Di sisi lain, Indonesia juga masih dihantui oleh masalah kekerasan seksual. Sebagian masyarakat Indonesia masih menganggap bahwha kasus-kasus kekerasan seksual terhadap perempuan disebabkan oleh kesalahan dari perempuan atau korban. Kesalahan tersebut, menurut sebagian orang tadi, disebabkan oleh cara berpakaian perempuan yang mengundang hasrat laki-laki.
“Ini adalah stereotype yang salah. Jika kita terus berpikir seperti ini, maka masalah tidak akan selesai,” ujarnya.
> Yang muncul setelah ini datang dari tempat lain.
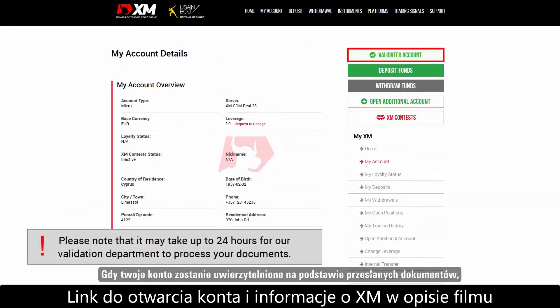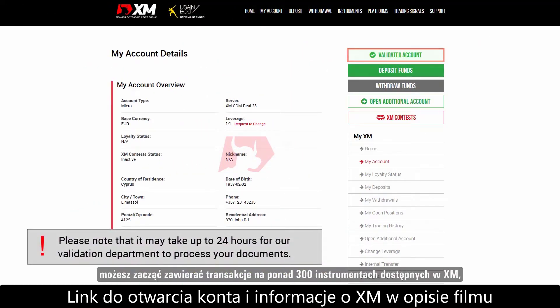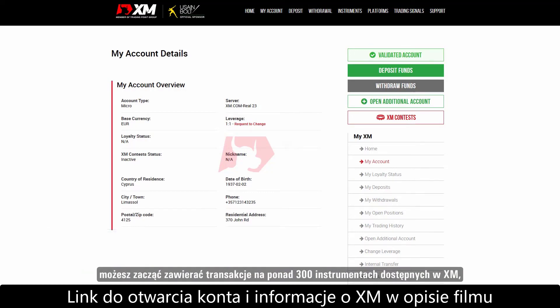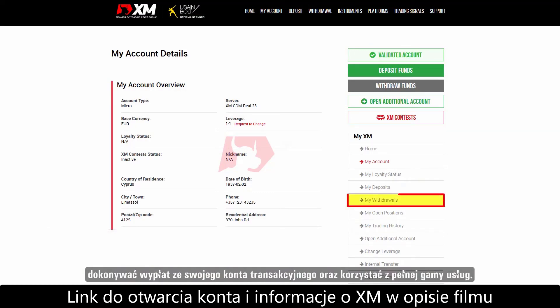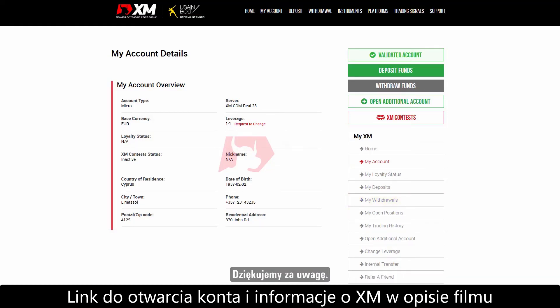Once you have had your supporting documents validated, you can start trading on over 300 instruments available at XM. You can make withdrawals from your trading account and benefit from a full range of services.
Perempuan, imbuhnya, juga mendapatkan tantangan dengan stigma sebagai sumber fitnah. Hal tersebut secara tidak langsung membuat perempuan menjadi ragu-ragu untuk memimpin dan berperan di ruang publik.
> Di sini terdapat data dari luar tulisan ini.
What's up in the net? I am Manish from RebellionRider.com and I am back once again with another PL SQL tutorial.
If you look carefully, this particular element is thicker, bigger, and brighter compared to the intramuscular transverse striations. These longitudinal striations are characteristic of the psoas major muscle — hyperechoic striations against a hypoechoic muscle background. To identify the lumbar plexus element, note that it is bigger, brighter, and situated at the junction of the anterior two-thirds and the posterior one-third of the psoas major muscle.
Padahal, menurut guru besar UIN Sunan Kalijaga tersebut, Islam adalah agama yang rahmatan lil ‘alamin, agama yang menghormati seluruh makhluk tanpa membeda-bedakan. Maka, seluruh manusia memiliki derajat yang sama.
“Pada awalnya masyarakat tidak menganggap perempuan itu penting dan harus dihormati. Ketika Islam datang, Allah menyebutkan perempuan juga memiliki hak otonom,” imbuhnya.
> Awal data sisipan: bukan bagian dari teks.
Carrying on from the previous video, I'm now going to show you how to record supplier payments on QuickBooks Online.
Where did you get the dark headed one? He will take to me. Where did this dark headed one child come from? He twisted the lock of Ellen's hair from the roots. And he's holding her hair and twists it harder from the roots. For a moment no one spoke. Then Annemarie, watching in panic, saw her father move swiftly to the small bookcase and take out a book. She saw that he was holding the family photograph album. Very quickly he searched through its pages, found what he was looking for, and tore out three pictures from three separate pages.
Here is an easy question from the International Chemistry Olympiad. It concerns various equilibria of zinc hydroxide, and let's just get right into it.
Persamaan kedudukan antara laki-laki dan perempuan ini berimplikasi pada peranan yang dimiliki oleh perempuan. Menurut Alimatul, perempuan juga memiliki kesempatan yang sama dengan laki-laki seperti untuk menjadi pemimpin, bekerja pada sektor publik, dan berperan dalam dunia politik.
Salah satu ajaran Islam sebagai agama yang rahmatan lil ‘alamin adalah mendudukkan perempuan sama dengan laki-laki. Perbedaan di antara keduanya hanya dibuktikan dengan ketakwaan. Sehingga Islam tidak mentolerir adanya ketidaksetaraan gender.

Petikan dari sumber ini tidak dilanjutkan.